After earning a B.S. in Computer Science from New Mexico Institute of Mining and Technology in 1986 Fries returned to the Seattle area to join Microsoft on productivity software. He has referred to this time as being like Ender's Game and says "We were recruited as children to fight in their wars, Excel vs Lotus 1-2-3 and Word vs WordPerfect." Ed Fries, as a Microsoft programmer early in his career, worked on software versions for the Macintosh, including Microsoft Word as part of his first assignment in the new team. He was the seventh and most junior member.

In the late 1990s he led the team that created the first version of the Xbox game console. He was a prime evangelist of the platform to game developers and had an important role in the acquisition of developers Bungie, Ensemble Studios and Rare.

==After Microsoft==
Fries left Microsoft in January 2004. He consulted with a startup company, FireAnt, that was later sold to Sony Online Entertainment. He was also involved with several startups including Ageia, which aims to bring the first "physics accelerator" chip for games to market, and Emotiv Systems, a company building an EEG based game controller.

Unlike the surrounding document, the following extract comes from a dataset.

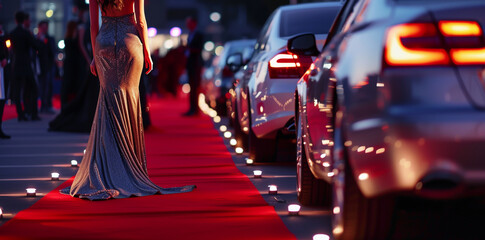 Elegant woman in red evening dress walking on carpet near luxury car at event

Fries is currently working on bringing his favorite game, World of Warcraft, to three-dimensional life with his startup company, Figure Prints. The company makes 3D models of a player's characters using a fleet of Z Corporation printers. Within the first 12 hours of his company going live, over 4,000 people had requested an order for a model. Fries explains in an interview that each model can take about one week to complete.

In July 2010, Fries released an Atari 2600 game inspired by the Halo series, called Halo 2600.

From 2012 until 2015 he was an advisor for the Ouya, an Android-based game console, as well as advisor for Animoca Brands and numerous other brands.

In 2019, Fries launched a game developer-focused venture fund entitled 1Up Ventures.